The Flywheel turned one last week! I published the first ever Flywheel piece on August 25, 2020. Having a newsletter for a year presents a cool opportunity to follow the same company over time, revisit arguments made, and see what was right and what was wrong.
In that spirit, we're going deep again on the subject of that initial post—Peloton—because there have been some surprising developments over the past few months.
Let’s get to it!
A year ago, you couldn’t get your hands on a Peloton without waiting 3 months. If you ordered one today, not only would it arrive within 2 business days, but you’d pay almost 40% less.
Ladies and gentlemen, the rise and fall of Peloton.
Peloton was one of the biggest winners during the big COVID rally in spring and summer of 2020. By mid-August when I wrote my maiden piece, $PTON was pushing $70 a share, up over 3x since its early-March lows. It would end the year in the $165 ballpark. The company even posted its first ever profitable quarter.
Then the wheels came off.
Since the end of 2020, Peloton's financial profile has gone downhill in epic proportions. Look at this breakout of quarterly net income for the past two years.

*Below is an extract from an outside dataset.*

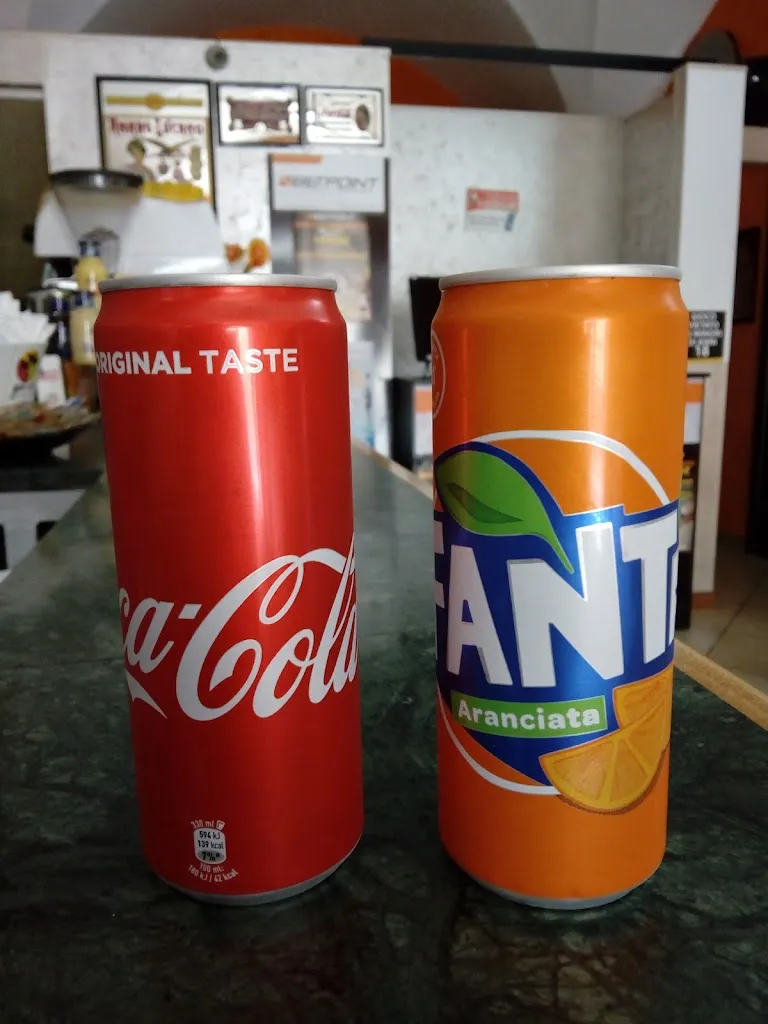 Menu_Caffetteria Garibaldi Di Calo' Antonio_Galatone_image_5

(Note, Peloton's fiscal quarters are off relative to calendar quarters. Q1 is July-September, and Q4 is April-June)
Although this looks dramatic—and, truly, a loss of $301m in Q4 2021 compared YoY with a gain of $90m is an eye-catchingly abysmal result—it's worth putting these numbers into perspective. The way we'd typically do this is to look at them as a percentage of revenue, which is also listed on the chart. In this case, the net margin is -32%, and it's about 50% worse than its worst quarter to-date on this measure (if we exclude its first ever quarter as a public company).
That Peloton would dip from the heights of the early COVID boom was not surprising. But this is something entirely different.

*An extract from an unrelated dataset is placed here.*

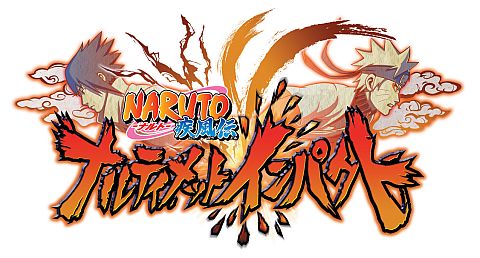 画像ギャラリー No.001のサムネイル画像 / 「NARUTO-ナルト- 疾風伝 ナルティメットインパクト」,最新PVが公開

Plainly, this was a disastrous result, and in this piece we're going to try to understand what on earth happened to Peloton's business over the past 6 months, and what it means for the company's outlook.
What happened to Peloton's profits
If I had to choose only one figure to explain what happened to Peloton's financials, it would be gross margin.
Hardware gross margin simply fell off a cliff. When Peloton sells a bike, there are direct costs associated with fulfilling each unit, such as manufacturing, shipping, distribution, warranty replacements, etc. Whatever is left after these costs is gross profit.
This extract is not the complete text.